Of course, the job in New York would be infinitely more appealing than any of the aforementioned positions. True, it’s not necessarily up for grabs, but I’m sure even in his old age, George has a good firing left in him should the situation call for it. And if the Yanks hit a slide that keeps them out of the playoffs after being this close at this point in the season, I just can’t see Torre here next year.

And where would George look first? Mattingly isn’t ready yet, at least I don’t think so. Mazzilli is an option, but from what I’ve read, he didn’t create the greatest reputation for himself in Baltimore and may be relegated to a lesser coaching role next year (hopefully third base for us so Sojo doesn’t make us suffer any longer).

It would only make sense for George to pursue the guy who said on multiple occasions that he’d never work for him again. Of course, we know these are hollow words, since he said those words following the ’87 season and was immediately hired as the General Manager for ’88.

What’s in it for Lou, you ask? He’s not exactly a young buck anymore, having proclaimed that he has forgotten more baseball that Curt Schilling knows (and I’m inclined to believe him). And in his managerial journeys, he still hasn’t hit the jackpot. Does he think he’s going to strike it rich in Detroit or Los Angeles? Yeah, maybe in five years with some impeccable GMing.

Aside: I shouldn’t say that about LA. I like what DePodesta has done with the team and I despise Jim Tracy, so I guess filling the managerial role with a guy like Lou could do them a world of good. Well, in addition to avoiding injuries and pitching up a few quality pitchers. So that’s a possible hole in the argument, but considering the way they’re playing this year, I don’t think a managerial move will immediately push them over the brim.

In New York, however, he’d inherit quite a few superstars, a formidable pitching staff, and a nearly unlimited budget. He’d be in the spotlight, and in all likelihood will be in contention year in and year out. What more could an aging manager ask for? Hell, Zim turned down managerial jobs just to be the bench coach in New York.

This has everything to do with the series. As much as Lou just doesn’t care about this Devil Rays team (or at least that’s how it seems), he’s going to care about beating the Yankees if for nothing else than the fact that it will put him in a better position to take the team over. If theYanks don’t make the playoffs, the Yanks have an opening. Lou can play the role of spoiler with the Rays and slide onto that bench next year if he keeps his team fired up.

Thankfully for Torre, he’s not going to take the D-Rays lying down. If Lou is motivated because of the possible opening in New York, Joe is motivated because he wants to avoid that vacancy. There’s no way he’s going to let the Yankees become complacent following this blowout like they did on April 19th. They only have a few more games they can lose this season, and wasting one of them on the last place team in the division is not exactly the safest route.
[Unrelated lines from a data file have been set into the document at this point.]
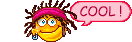 cool-3.gif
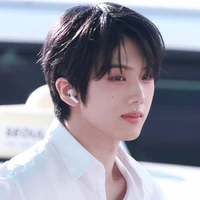 Jisung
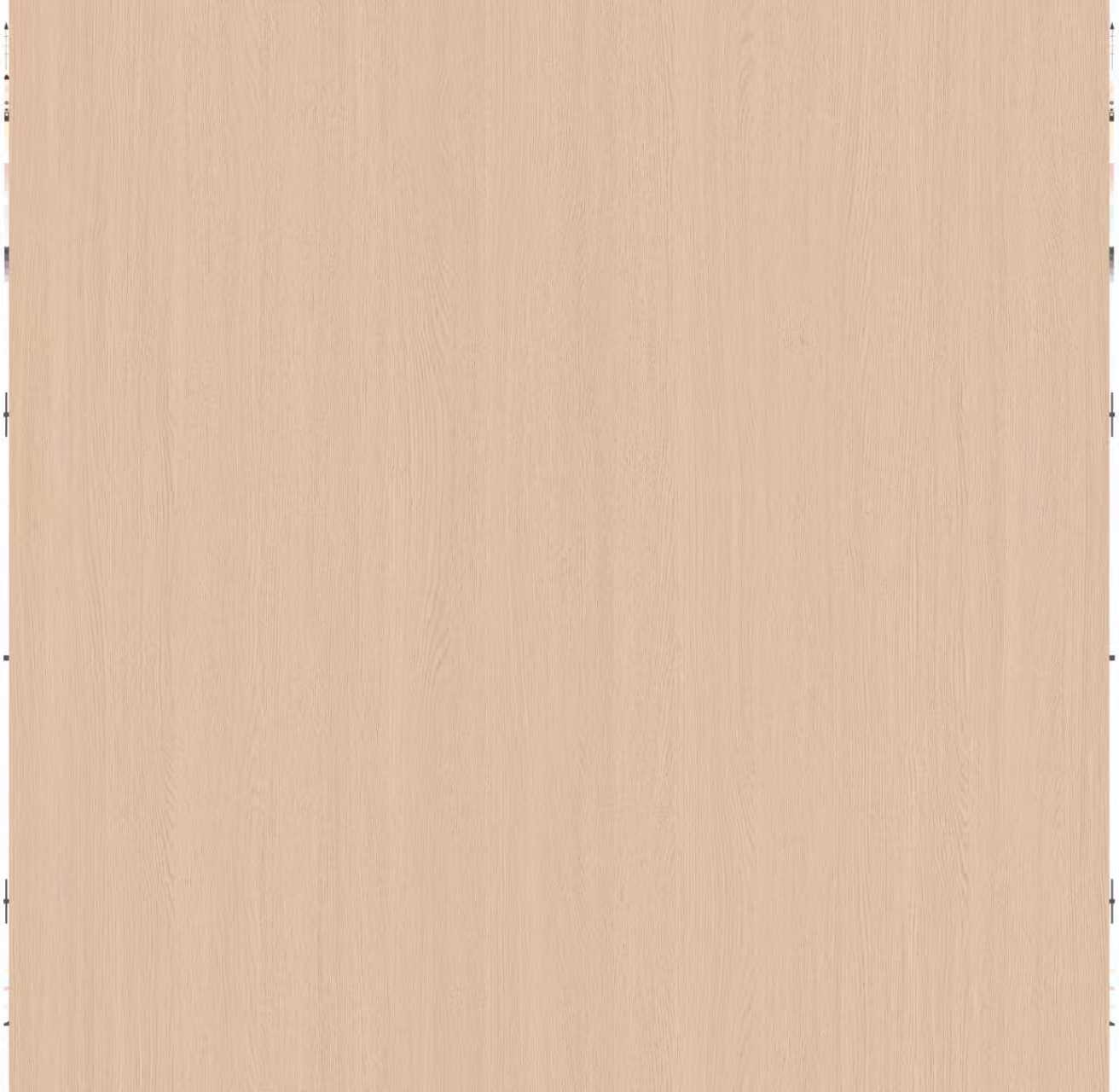 Melaminpapir YB9096-17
On a parting note, I’d like to detour to the subject of the batting order, which has varied more in the past week than it has all season. I guess Joe’s really feeling the pressure now, and shaking up the lineup to keep the team from getting stale. But, come playoff time, I’d like to see the following 1 through 9:

1. Jeter
2. Matsui
3. A-Rod
4. Giambi
5. Sheffield
6. Bernie
7. Sierra/whoever is DHing
8. Posada/Flaherty
9. Cano

Cano has been much better in the nine slot with the top of the order in back of him to help insure he sees strikes. Lawton will surely be stuck in there, especially with Sheff DHing for the time being, even though he hasn’t exactly been a success thus far.

Hopefully tonight will be another filled with happy text messages.